Todd Zywicki: Yeah, I think that’s a big problem. Fundamentally, we focus a lot on the economics of this, and economic issues are important and fascinating. But at the core of this, I think, is democratic legitimacy, which is, this is being done really against or without the effort to try to get a buy-in through the democratic process. And we also have to appreciate that what’s going on here is we have to frame this as an economic issue, and a lot of it is economics, but it’s also a political issue, right? Which is to say that these have society-wide effects to go beyond just a particular firm. When corporations weigh in on this issue, it’s not just a matter of politics telling corporations how to behave, but the corporations are obviously using their outside force and influence to try to overwhelm the political process in a way to have a bigger voice than any of those individuals have as an individual.
Todd Zywicki: And I think this is really giving rise to real questions of democratic legitimacy and really escalating public distrust in governance institutions, in political leadership that spurs conspiracy theories, that spurs all kind of things when people are basically having their lives so dramatically… Their standard of living and the democratic process being basically so overwhelmed by things that are completely out of their control. And I think that the elites who are imposing this agenda are just dismissing that for whatever reason. I think someone might be waking up to it. But I think that’s a really big issue, is the threat that this is posing as it goes forward to democratic norms, to the rule of law, and to people’s trust and faith in our governance institutions, when this is basically being done by and running the governance institutions, is a problem that I think people need to really wake up to.

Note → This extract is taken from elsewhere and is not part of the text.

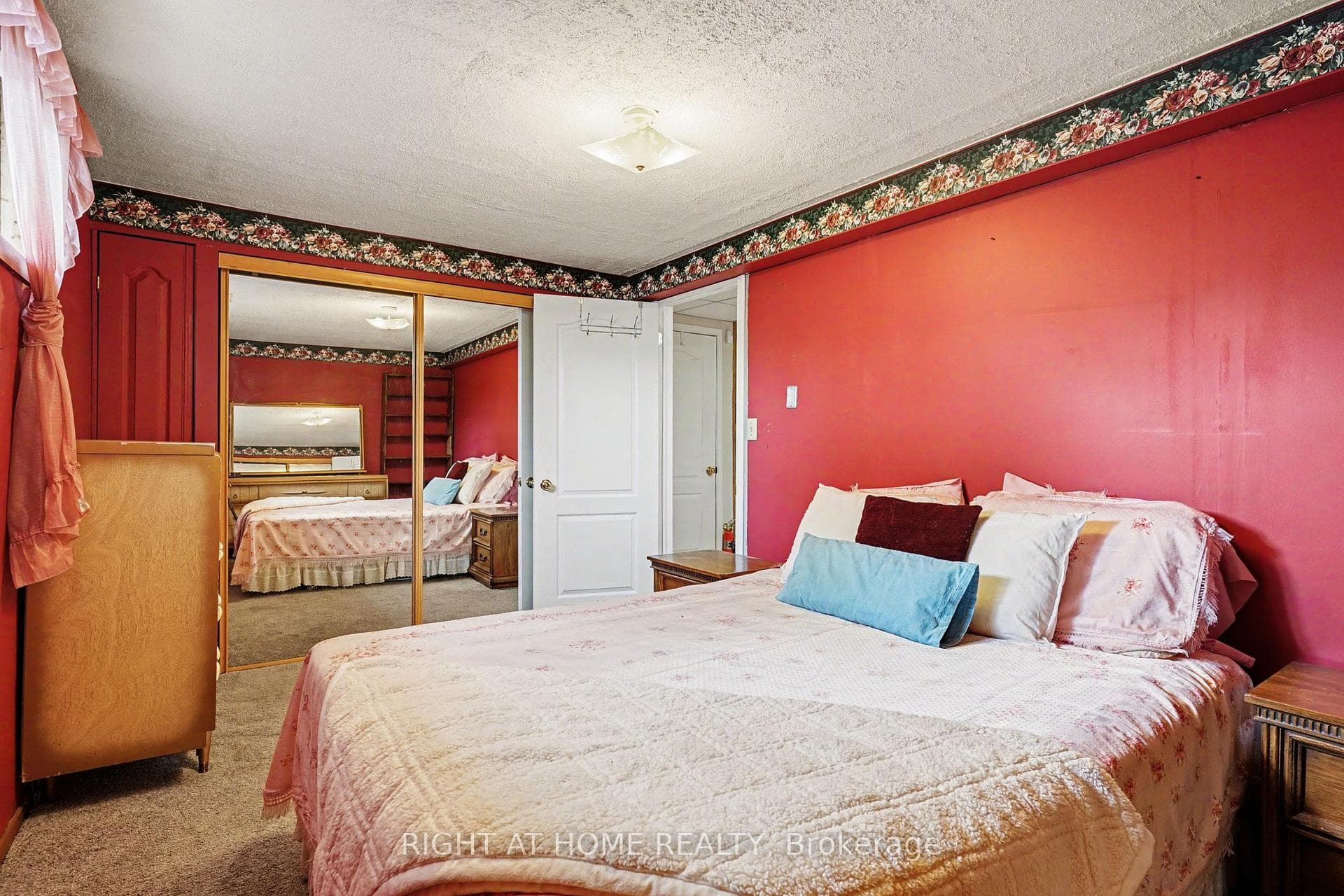 4 Falcon Court photo 16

Chelsea Follett: Right. So the idea behind some of these ESG regulations is to funnel money toward causes circumventing the democratic process by which taxpayer money would normally be funneled towards those causes. And of course, there’s the question of how people define things. Like you said, if this is voluntary and people can define ESG the way they want, it’s not as much of an issue. But if there is a set of criteria, who sets those criteria?
Todd Zywicki: Correct.
Chelsea Follett: Because people disagree on all of these things. Environmentalists disagree on the best way to promote clean energy. Some environmentalists are in favor of nuclear energy, some are not. So, who gets to decide what is ESG and what isn’t, what is good for society and what isn’t? It’s taking those decisions out of the hands of individuals and making it less democratic, as you say. Is that correct?

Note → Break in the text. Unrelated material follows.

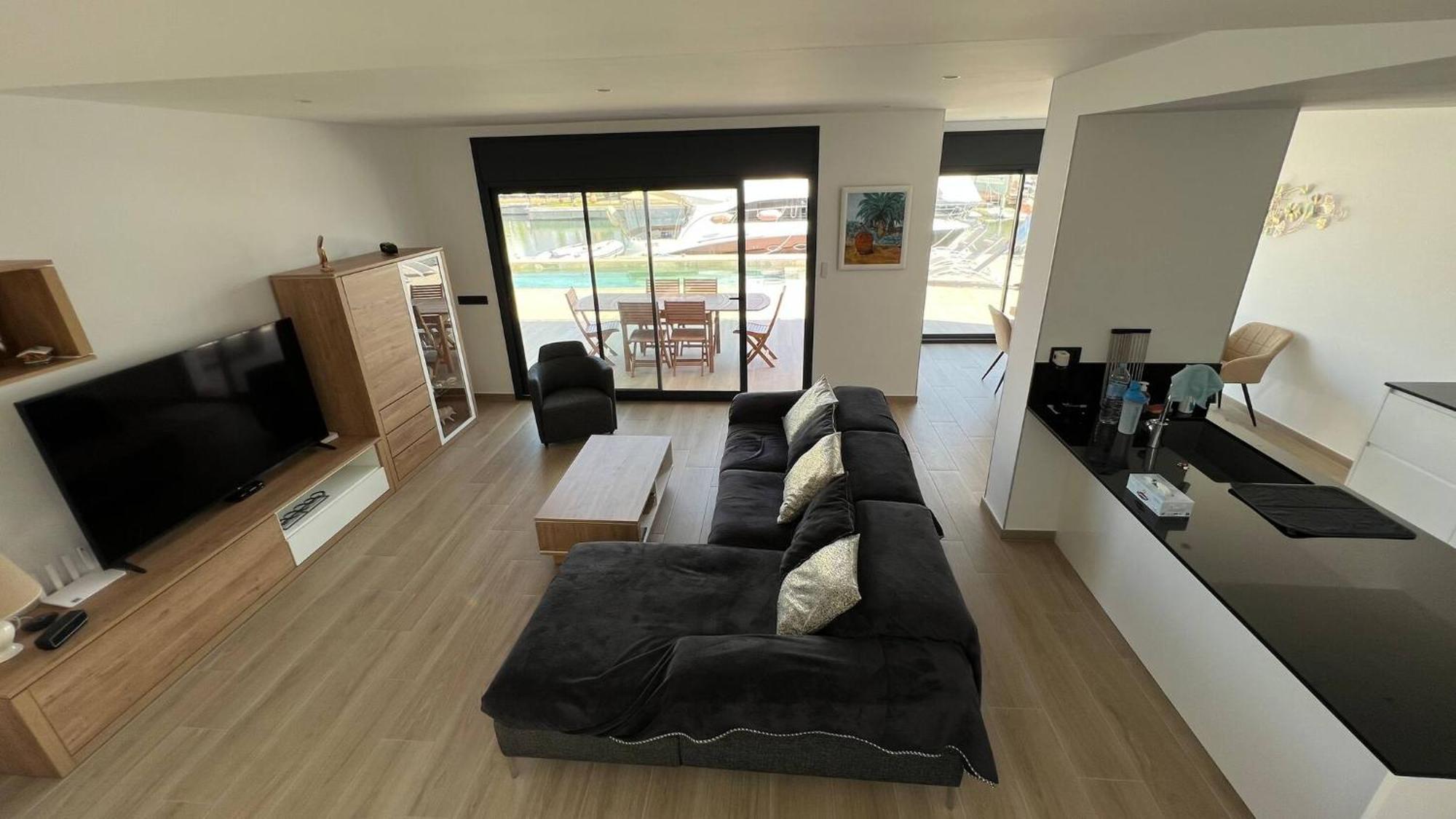 Holiday home Moderna Con Piscina Y Vistas Al Canal En *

Todd Zywicki: That’s right. And I think the example of nuclear energy, Chelsea, is a brilliant one. It shows right on, which is the world is complex, and fundamentally, the world is trade-offs. The world is trade-offs. As I said earlier, I don’t know… People are gonna have different opinions, but I don’t think there’s any absolute standard of value that says, aggressively addressing climate change is absolutely 100% always more important than lifting people out of poverty and giving people more educational opportunities and more economic opportunities, not to mention the fact that what we know is, wealthier societies are cleaner societies. So lifting societies out of poverty, so that they’re not burning animal fuel, that they’re not going out and leveling the rainforest to be able to get wood to burn, to keep themselves… To keep their families comfortable.

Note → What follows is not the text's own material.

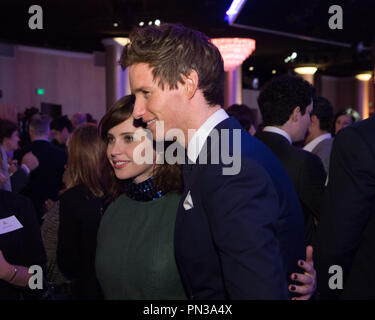 Felicity Jones (links) und Eddie redmayne an der Oscar®-nominierten Mittagessen in den Beverly Hills Montag, 2. Februar 2015. Datei Referenz # 32554 011 THA nur für redaktionelle Verwendung - Alle Rechte vorbehalten Stockfoto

Todd Zywicki: Organic farming, Yeah, it’s great in some sense, but it’s a lot less productive than traditional farming, which means you have fewer plants, fewer crops per acre, which means you have to clear more land. These are all questions of trade-offs, complex moral and economic trade-offs. And so to come down on one side of that and say, “This is the only moral way to do this, this is the clear way to do this,” without thinking about those trade-offs especially at the margin, I think is very problematic. I’m sure many of your viewers, sophisticated viewers and listeners, I’m sure they’re familiar with the Copenhagen Consensus, Bjorn Lomborg’s initiative, where they list all the… We’ve got crises all over the world today, all kind of things we wish we could do better, and there’s inherent scarcity, so you’ve gotta decide how you trade off those goals. And it’s not clear to me that just because you happen to be running a company, for example, or just because you happen to be a regulator at the Federal Reserve, that you somehow know morally what goals are more important than I do, or you do, or any person listening to this interview has their own views about how to weigh those trade-offs. And I don’t know the best way to do that, but I’m certain that not the best way to do that is to just have some unelected bureaucrats deciding what they think is… What is more important than something else.
Chelsea Follett: I think you raised a really interesting point there about some potential unintended consequences, because we know that prosperity is positively correlated with, at the country level, better environmental protection. We also know that prosperity and less poverty is associated with other social goals, better social equality for women, better gender equality… More tolerance, often. Richer societies tend to be more tolerant. There are all sorts of positive things that come with rising prosperity. So if you slow down the economy in the name of these other goals, you could actually… It could be counter-productive. You could be in fact harming protection of the environment, you could be in fact diminishing the likelihood of reaching some of these social goals that ESG purports to promote. Is that correct, that that’s a risk?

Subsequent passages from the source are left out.